— What the exercise asks —
Using the data below, reproduce exactly the lines from the line with "card de perfil" to the line with "Estrutura de cama", both included; pictures must be dropped.

— Provided records —
--------------------------------

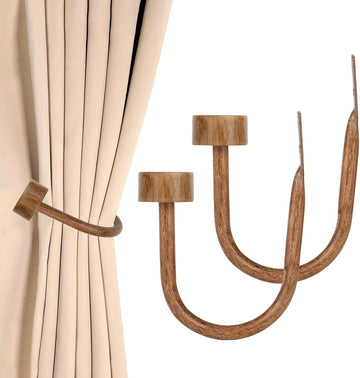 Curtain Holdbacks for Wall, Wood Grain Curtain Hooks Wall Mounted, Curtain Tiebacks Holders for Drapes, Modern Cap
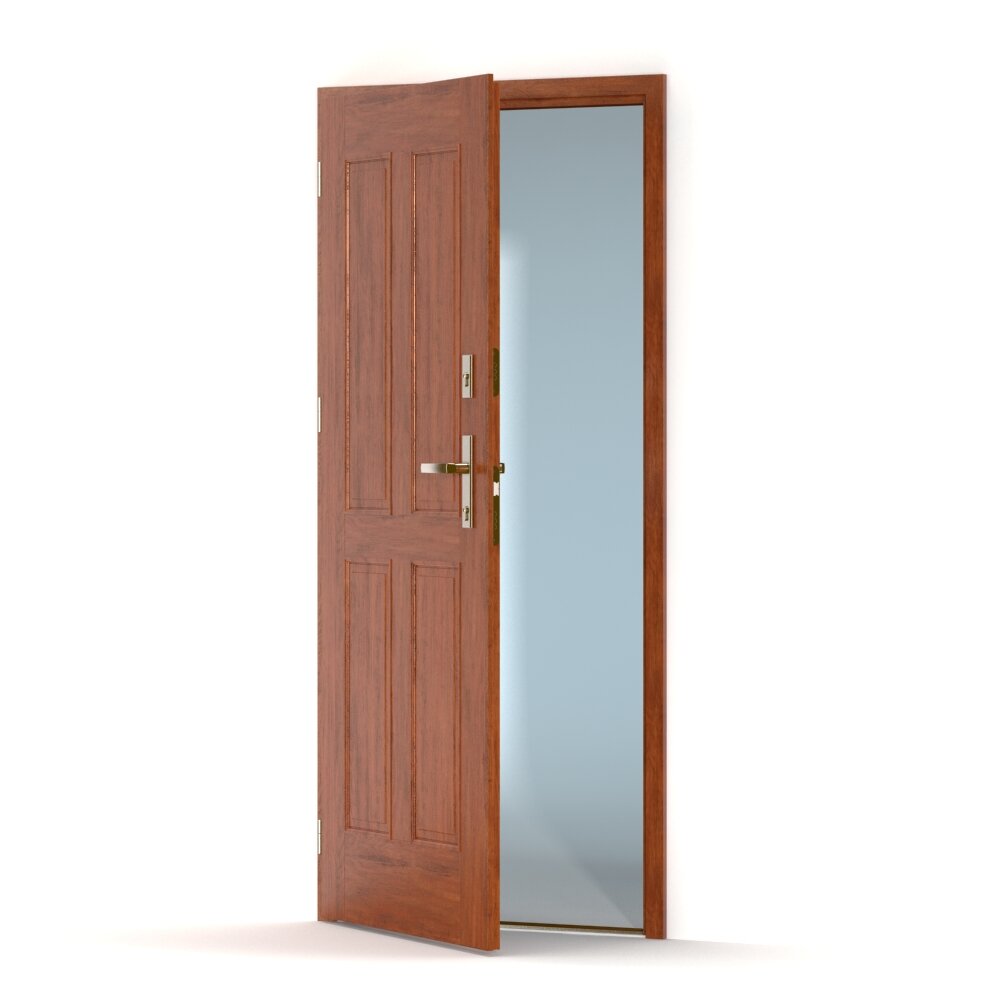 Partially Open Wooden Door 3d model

--------------------------------

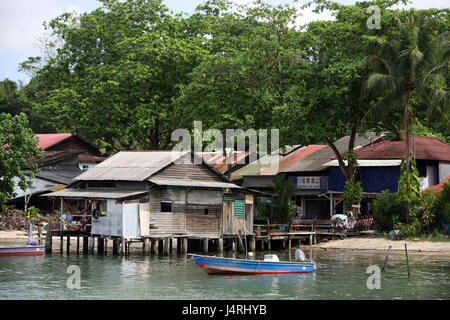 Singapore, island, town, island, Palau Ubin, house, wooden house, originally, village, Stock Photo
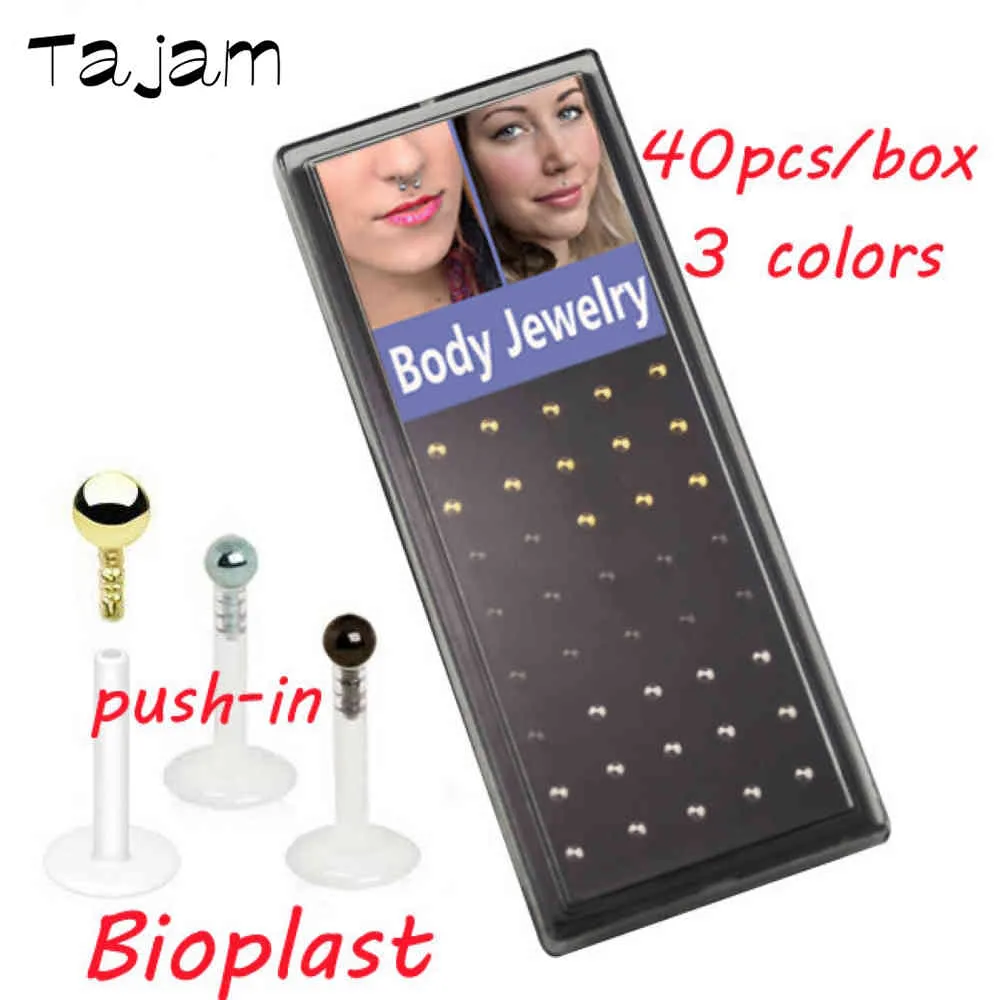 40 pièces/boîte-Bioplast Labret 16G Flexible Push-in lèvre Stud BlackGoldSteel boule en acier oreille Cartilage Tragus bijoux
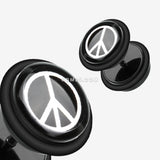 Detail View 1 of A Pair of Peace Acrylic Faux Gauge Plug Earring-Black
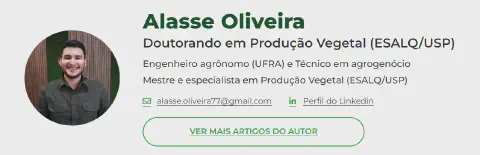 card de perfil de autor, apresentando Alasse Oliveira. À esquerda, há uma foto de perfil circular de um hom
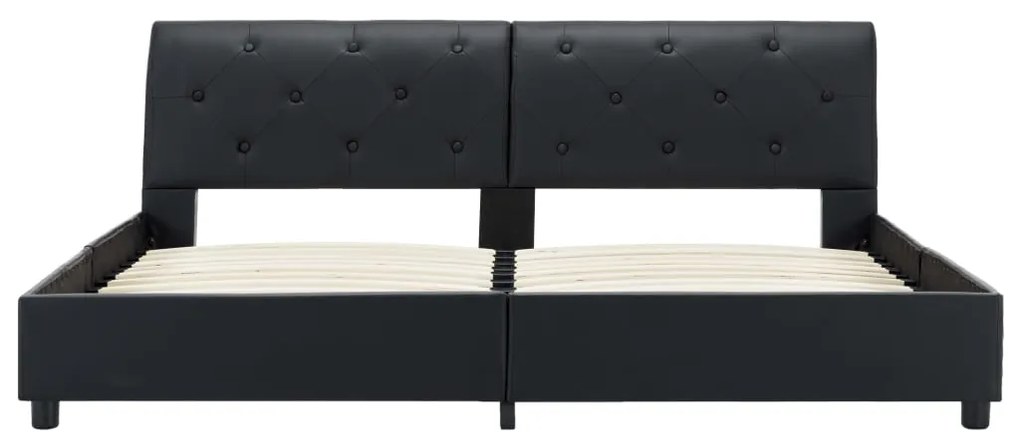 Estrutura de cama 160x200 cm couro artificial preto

--------------------------------

— Result for this exercise —
 card de perfil de autor, apresentando Alasse Oliveira. À esquerda, há uma foto de perfil circular de um hom
 Estrutura de cama 160x200 cm couro artificial preto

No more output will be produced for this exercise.